From the back of the bus came a strange, unidentifiable sound. Wayne poked his head around the seats for a look.

In the middle of the aisle, about halfway back, was a nun. Or sort of a nun. Her back was to him and she wore a black-and-white nun’s habit. The part that covered her head was traditional, but from there down was quite a departure from the standard attire. The outfit was cut to the middle of her thigh and she wore black fishnet stockings and thick high heels. She was slim with good legs and a high little ass that, even under the circumstances, Wayne couldn’t help but appreciate. She was moving one hand above her head as if sewing the air.

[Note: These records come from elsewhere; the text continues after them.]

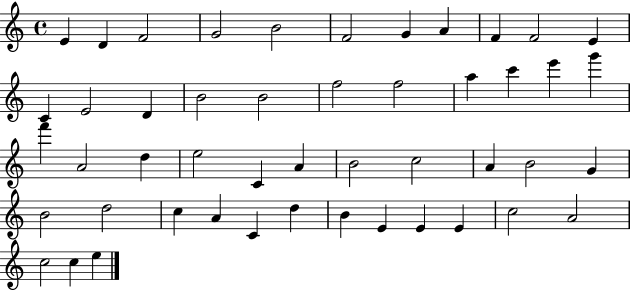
E4/q D4/q F4/h G4/h B4/h F4/h G4/q A4/q F4/q F4/h E4/q C4/q E4/h D4/q B4/h B4/h F5/h F5/h A5/q C6/q E6/q G6/q F6/q A4/h D5/q E5/h C4/q A4/q B4/h C5/h A4/q B4/h G4/q B4/h D5/h C5/q A4/q C4/q D5/q B4/q E4/q E4/q E4/q C5/h A4/h C5/h C5/q E5/q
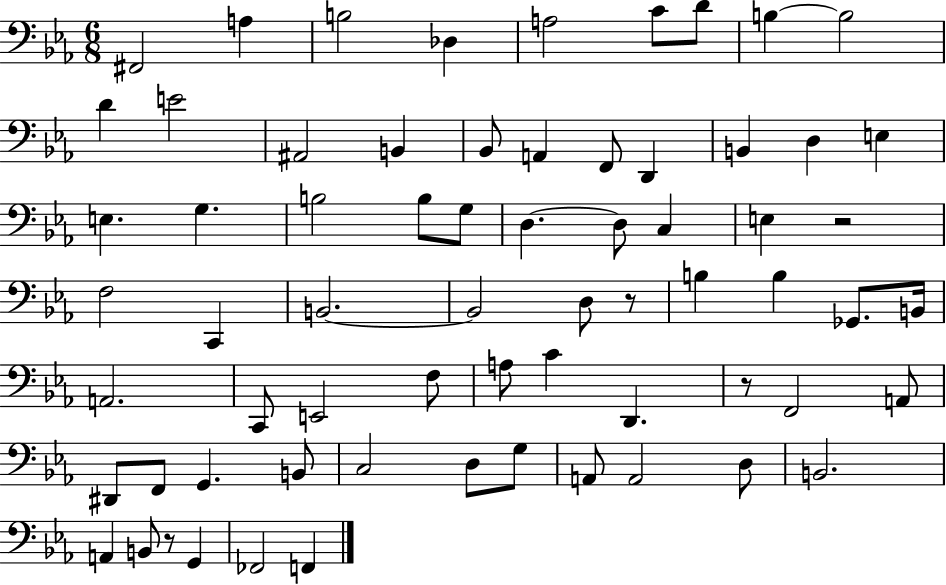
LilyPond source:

{
  \clef bass
  \numericTimeSignature
  \time 6/8
  \key ees \major
  fis,2 a4 | b2 des4 | a2 c'8 d'8 | b4~~ b2 | \break d'4 e'2 | ais,2 b,4 | bes,8 a,4 f,8 d,4 | b,4 d4 e4 | \break e4. g4. | b2 b8 g8 | d4.~~ d8 c4 | e4 r2 | \break f2 c,4 | b,2.~~ | b,2 d8 r8 | b4 b4 ges,8. b,16 | \break a,2. | c,8 e,2 f8 | a8 c'4 d,4. | r8 f,2 a,8 | \break dis,8 f,8 g,4. b,8 | c2 d8 g8 | a,8 a,2 d8 | b,2. | \break a,4 b,8 r8 g,4 | fes,2 f,4 | \bar "|."
}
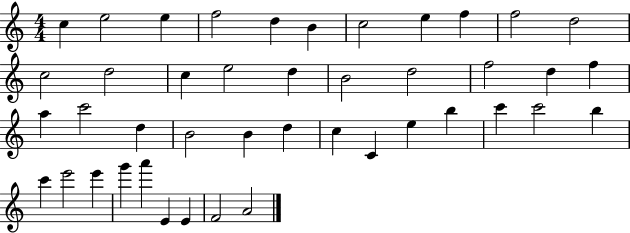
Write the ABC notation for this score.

X:1
T:Untitled
M:4/4
L:1/4
K:C
c e2 e f2 d B c2 e f f2 d2 c2 d2 c e2 d B2 d2 f2 d f a c'2 d B2 B d c C e b c' c'2 b c' e'2 e' g' a' E E F2 A2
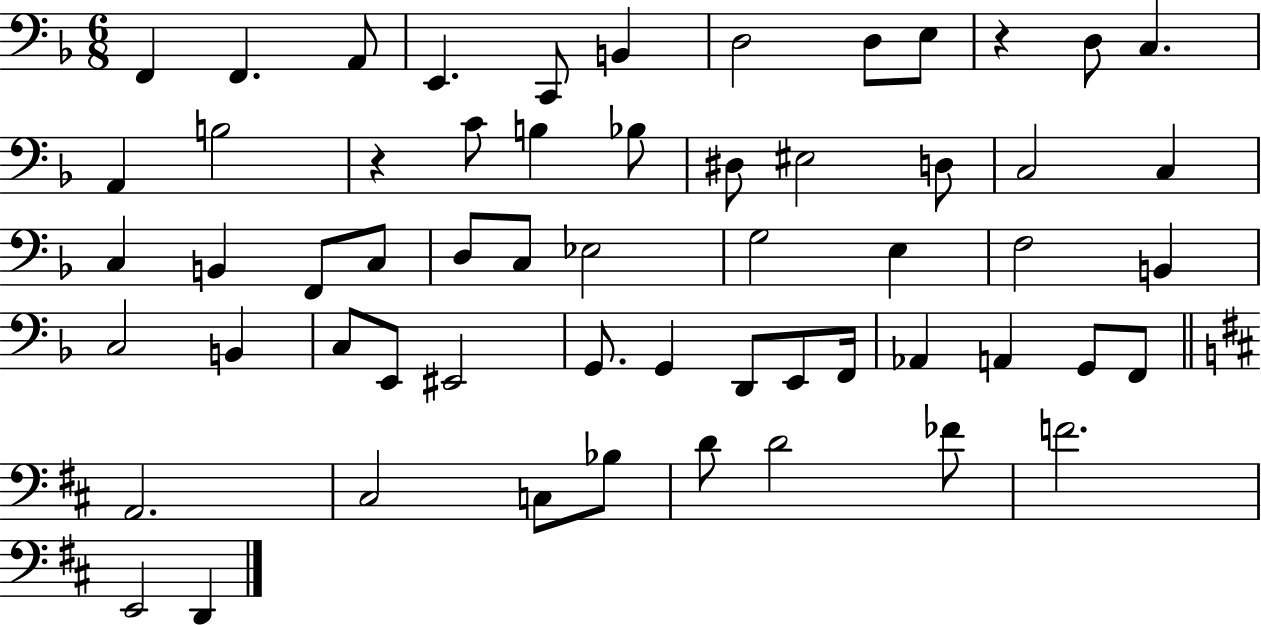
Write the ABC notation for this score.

X:1
T:Untitled
M:6/8
L:1/4
K:F
F,, F,, A,,/2 E,, C,,/2 B,, D,2 D,/2 E,/2 z D,/2 C, A,, B,2 z C/2 B, _B,/2 ^D,/2 ^E,2 D,/2 C,2 C, C, B,, F,,/2 C,/2 D,/2 C,/2 _E,2 G,2 E, F,2 B,, C,2 B,, C,/2 E,,/2 ^E,,2 G,,/2 G,, D,,/2 E,,/2 F,,/4 _A,, A,, G,,/2 F,,/2 A,,2 ^C,2 C,/2 _B,/2 D/2 D2 _F/2 F2 E,,2 D,,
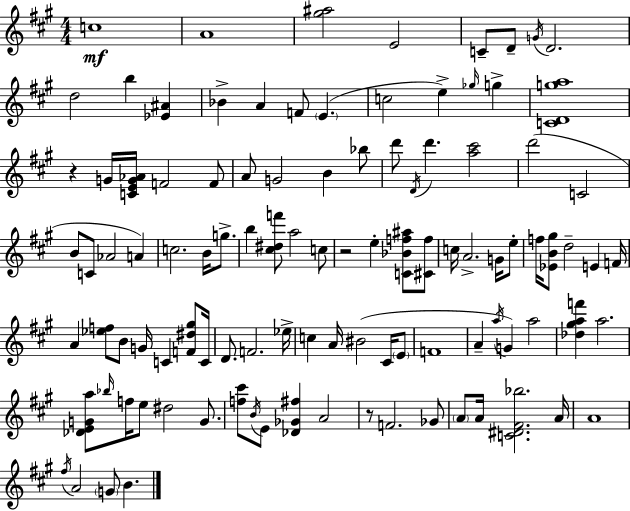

Sitting on the seats on either side of the aisle were dead folks. They all wore the round-eared hats, and they were responsible for the sound.

They were trying to sing.

He had never known dead folks to make any noise outside of grunts and groans, but here they were singing. A toneless sort of singing to be sure, some of the words garbled and some of the dead folks just opening and closing their mouths soundlessly, but, by golly, he recognized the tune. It was “Jesus Loves Me.”

Wayne looked back at the fat man, let his hand ease down to the bowie in his right boot. The fat man produced a little .32 automatic from inside his robe and pointed it at Wayne.

“It’s small caliber,” the fat man said, “but I’m a real fine shot, and it makes a nice, little hole.”

Wayne quit reaching in his boot.

“Oh, that’s all right,” said the fat man. “Take the knife out and put it on the floor in front of you and slide it to me. And while you’re at it, I think I see the hilt of one in your other boot.”

Wayne looked back. The way he had been thrown inside the bus had caused his pants legs to hike up over his boots, and the hilts of both his bowies were revealed. They might as well have had blinking lights on them.

It was shaping up to be a shitty day.

He slid the bowies to the fat man, who scooped them up nimbly and dumped them on the other side of his seat.

The bus door opened and Calhoun was tossed in on top of Wayne. Calhoun’s hat followed after.

Wayne shrugged Calhoun off, recovered his hat, and put it on. Calhoun found his hat and did the same. They were still on their knees.

“Would you gentlemen mind moving to the center of the bus?”

Wayne led the way. Calhoun took note of the nun now, said, “Man, look at that ass.”

The fat man called back to them. “Right there will do fine.”

Wayne slid into the seat the fat man was indicating with a wave of the .32, and Calhoun slid in beside him. The dead folks entered now, filled the seats up front, leaving only a few stray seats in the middle empty.